She also referenced themes that appear in the track, including remarks she had received throughout her life about "doing too much", and cited advice from her mother as influential in her approach to these experiences. Trainor described the song as a method of reinforcing a mindset she was attempting to adopt. In an interview with the Associated Press, she stated that the song was inspired by real-life reactions to posts documenting her health and fitness efforts, noting that she "didn't expect" the negative responses.
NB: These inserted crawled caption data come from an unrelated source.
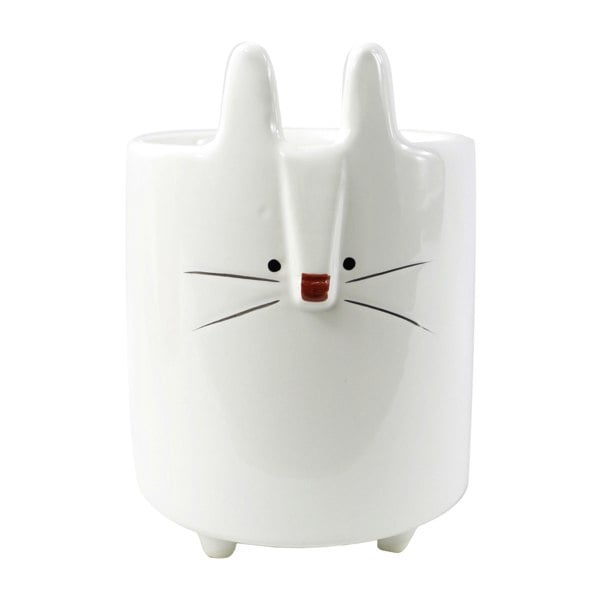 Leaf 15cm Ceramic White Rabbit Planter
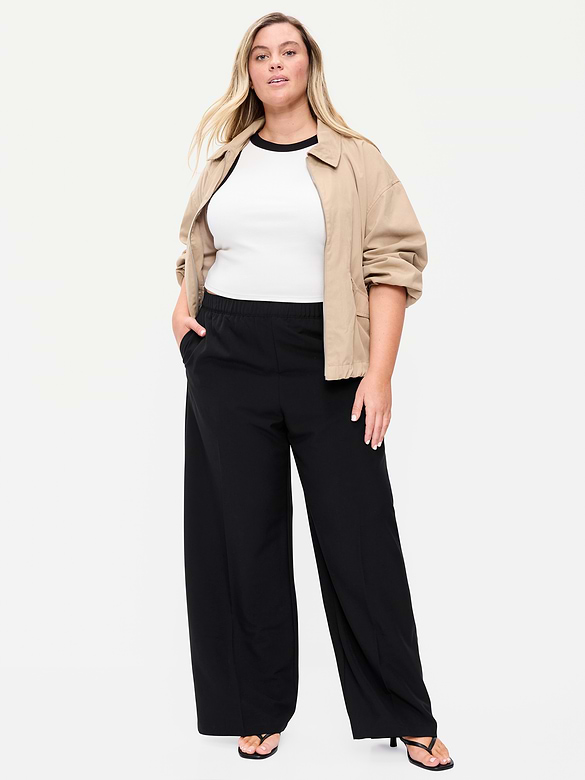 High-Waisted Wide-Leg Trouser Pants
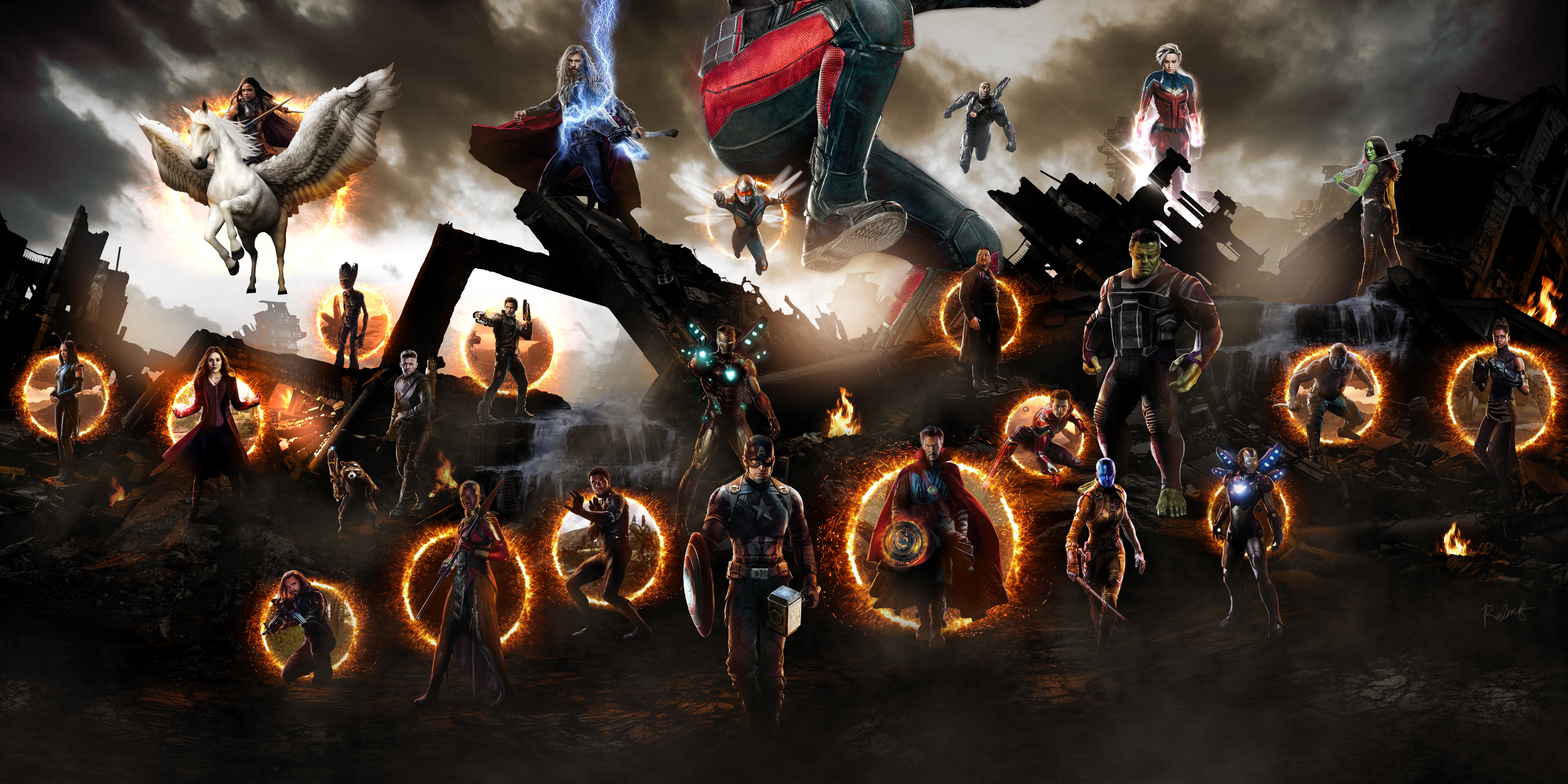 Free photo All characters from the movie Avengers finale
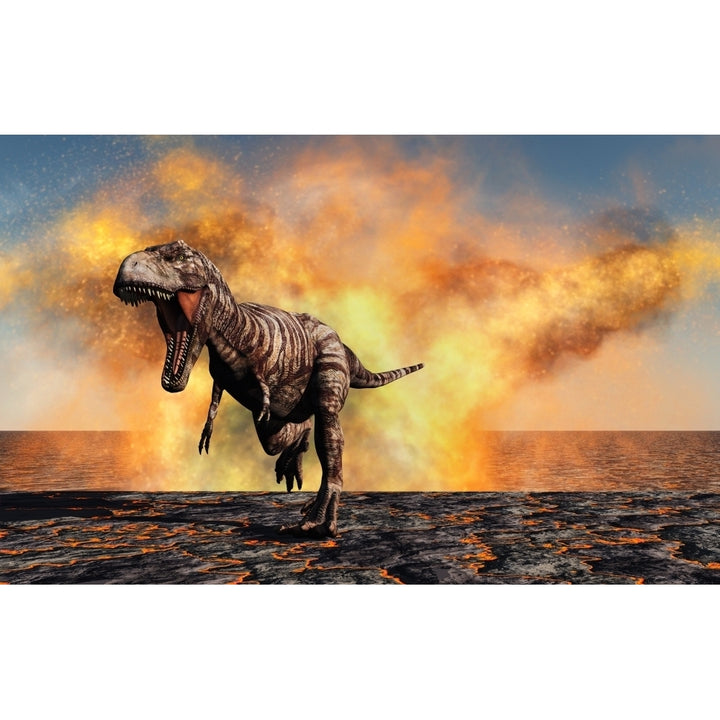 Tyrannosaurus Rex escaping from a violent fire storm Poster Print Image 1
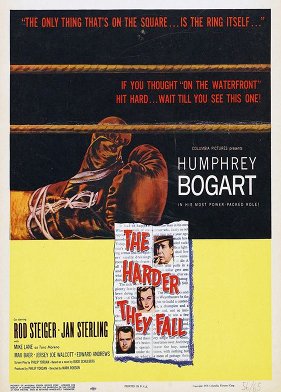 Film poster, the harder they fall by Humphrey Bogart.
Trainor added that she often writes from the perspective of how she "wishes" she thought, referencing previous self-acceptance songs, and noted that performing those tracks over time helped reinforce their messages.

==Promotion==
In November 2025, Trainor previewed a new song titled "Still Don't Care" on Instagram, sharing a short video of herself lip-synching to the track while dancing. The teaser featured lyrics which addresses body image and public criticism, including references to comments about her weight and appearance. Trainor was spotted filming the accompanying music video for "Still Don't Care" across various locations in Los Angeles, including the Grove shopping complex.

==Music video==
In the music video of "Still Don't Care", Trainor was wearing a lavender corseted outfit while dancing with fans, walking outside of the Cheesecake Factory, riding the trolley, and leading a flash mob at the LA LA Land Cafe. The film also included a scene of Trainor performing in the Grove's fountain, which owner Rick Caruso noted made her "the only person in the history of The Grove to perform in the fountain". Clips of the shoot circulated widely on social media, with onlookers sharing footage of the flash mob and behind-the-scenes moments.

==Composition==
"Still Don't Care" is a 1980s-influenced pop song that encourages listeners to embrace self-acceptance and confidence in the face of judgment or adversity. Serving as one of the defining tracks of Toy with Me (2026), Trainor described the song as "bold, fun, a little cheeky, and full of confidence", adding that it represents a reminder "to anyone who's ever felt judged". She noted that the track sets the tone for the Toy with Me era, characterized by her as her "most honest and fearless", and it focuses on themes of self-confidence, freedom, and authenticity. Her mother, brother and sister-in-law provided background vocals on the track.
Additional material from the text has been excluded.